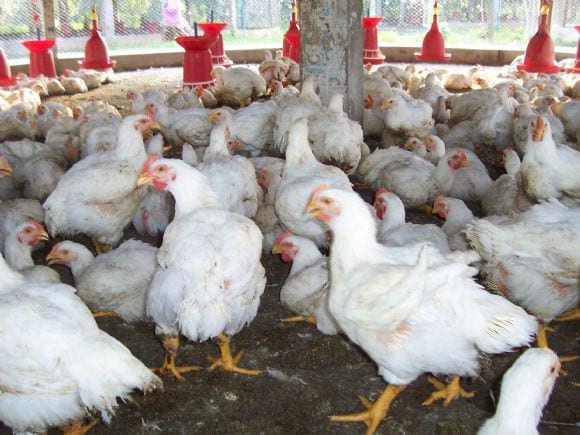 Low Cost Broiler Farm India | Photo 14554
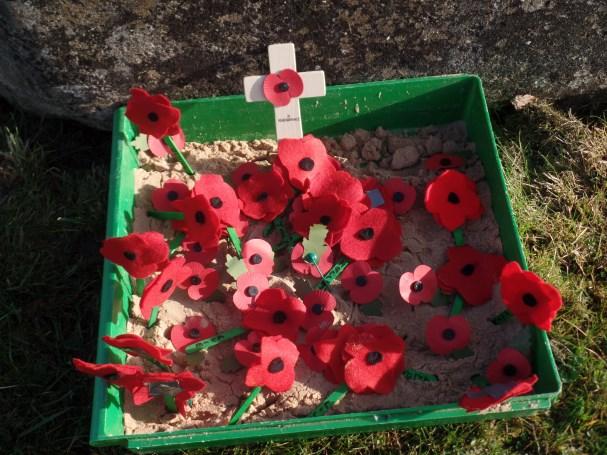 All pupils then placed their poppies beside the memorial including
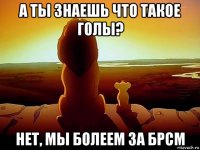 а ты знаешь что такое голы? нет, мы болеем за брсм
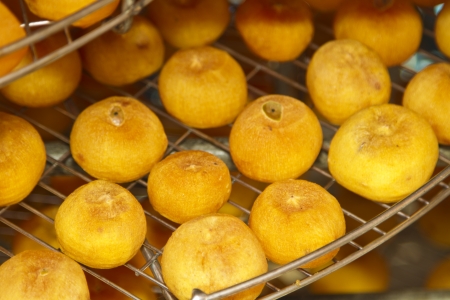 many yellow orange persimmons Under the sunlightの写真素材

——

*WHAT YOU HAVE TO DO*
Each line from the one containing "а ты знаешь" to the final line of the data must be printed exactly, both included, with nothing else and no pictures.

*REPLY TO THE EXERCISE*
 а ты знаешь что такое голы? нет, мы болеем за брсм
 many yellow orange persimmons Under the sunlightの写真素材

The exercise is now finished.